Gregory Michno was born in Detroit in 1948. His father was a submariner in World War II aboard the USS Pampanito, one of the many submarines, which hunted in packs in the seas around south east Asia, and which sunk many Japanese ships carrying POWs.
This well researched and documented book is crammed with personal accounts of the many movements of POWs to meet the Japanese demand for slave labour as they advanced through south east Asia, the conflicting calls from Japan to replace men enlisted into the ever increasing armed forces. It is not a book for the squeamish for many of the accounts of the conditions in which men were transported, and their efforts to survive, are truly harrowing.

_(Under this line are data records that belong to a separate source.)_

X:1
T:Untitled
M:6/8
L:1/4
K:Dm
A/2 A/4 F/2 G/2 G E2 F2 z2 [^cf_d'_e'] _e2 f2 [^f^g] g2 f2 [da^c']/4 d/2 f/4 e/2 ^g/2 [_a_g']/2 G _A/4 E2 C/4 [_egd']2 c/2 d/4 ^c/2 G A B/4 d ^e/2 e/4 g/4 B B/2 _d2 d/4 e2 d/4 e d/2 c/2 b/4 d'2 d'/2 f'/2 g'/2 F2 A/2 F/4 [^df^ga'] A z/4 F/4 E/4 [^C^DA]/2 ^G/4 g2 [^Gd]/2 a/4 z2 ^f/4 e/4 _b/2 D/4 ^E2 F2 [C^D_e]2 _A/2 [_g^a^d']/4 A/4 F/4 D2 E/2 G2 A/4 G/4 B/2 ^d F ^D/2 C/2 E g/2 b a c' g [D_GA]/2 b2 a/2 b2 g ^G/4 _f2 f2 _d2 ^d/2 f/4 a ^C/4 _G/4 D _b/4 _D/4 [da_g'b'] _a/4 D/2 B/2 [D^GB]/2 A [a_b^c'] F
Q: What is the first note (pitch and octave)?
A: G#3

Underlying this story of unrelenting horror, which some have said is too terrible for a book, is the recent revelation that the Allies had, in the spring of 1943, cracked the code used by the Japanese when signalling ship movements. Thereafter everything the Allies needed to know about ships' times, routes and cargoes was passed to the submarines hunting them. Not surprisingly increased dramatically through 1943 and 1944 and though hard pressed shipyards added 465,000 tons to the fleet, losses of 1,809,000 tons reduced the total tonnage at sea to 1,466,000, 23% of what the Japanese had started the war with. In the process America lost more POWs by 'friendly fire' than in the battle for Okinawa the bloodiest of all Pacific battles.

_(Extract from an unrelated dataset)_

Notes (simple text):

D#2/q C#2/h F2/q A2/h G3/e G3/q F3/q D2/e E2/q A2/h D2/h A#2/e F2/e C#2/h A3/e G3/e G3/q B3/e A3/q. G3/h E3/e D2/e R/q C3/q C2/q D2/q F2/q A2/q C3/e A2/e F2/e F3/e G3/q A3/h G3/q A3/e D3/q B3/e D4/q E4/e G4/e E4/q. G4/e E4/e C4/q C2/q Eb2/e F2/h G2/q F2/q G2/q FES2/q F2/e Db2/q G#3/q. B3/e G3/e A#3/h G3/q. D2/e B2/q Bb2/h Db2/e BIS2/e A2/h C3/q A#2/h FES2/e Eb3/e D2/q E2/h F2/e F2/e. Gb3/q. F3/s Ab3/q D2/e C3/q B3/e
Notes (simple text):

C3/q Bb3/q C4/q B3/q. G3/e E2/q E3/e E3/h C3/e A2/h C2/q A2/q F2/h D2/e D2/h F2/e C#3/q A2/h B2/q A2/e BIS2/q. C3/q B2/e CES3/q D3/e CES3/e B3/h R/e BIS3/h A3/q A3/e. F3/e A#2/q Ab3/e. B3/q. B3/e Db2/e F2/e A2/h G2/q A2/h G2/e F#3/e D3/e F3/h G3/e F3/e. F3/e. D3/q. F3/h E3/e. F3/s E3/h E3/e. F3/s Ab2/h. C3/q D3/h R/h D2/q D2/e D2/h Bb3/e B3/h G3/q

This book is a reminder of the number of other nationalities, including civilians, who suffered at the hands of the Japanese. The detail and human stories it provides complement the essential facts of Van Waterford's book Prisoners of the Japanese in World War II. In the latter for example the last draft from Hong Kong to Japan is recorded as a single journey of just 6 days. It was however a 17 days three leg marathon as one clapped out hulk was exchanged another at Formosa and patched up in Shanghai.
For any research into the war in the Pacific this is a valuable companion to Van Waterford. It has an equally extensive list of references and bibliography.
It can be ordered through local libraries. There is a copy in the Luton Library.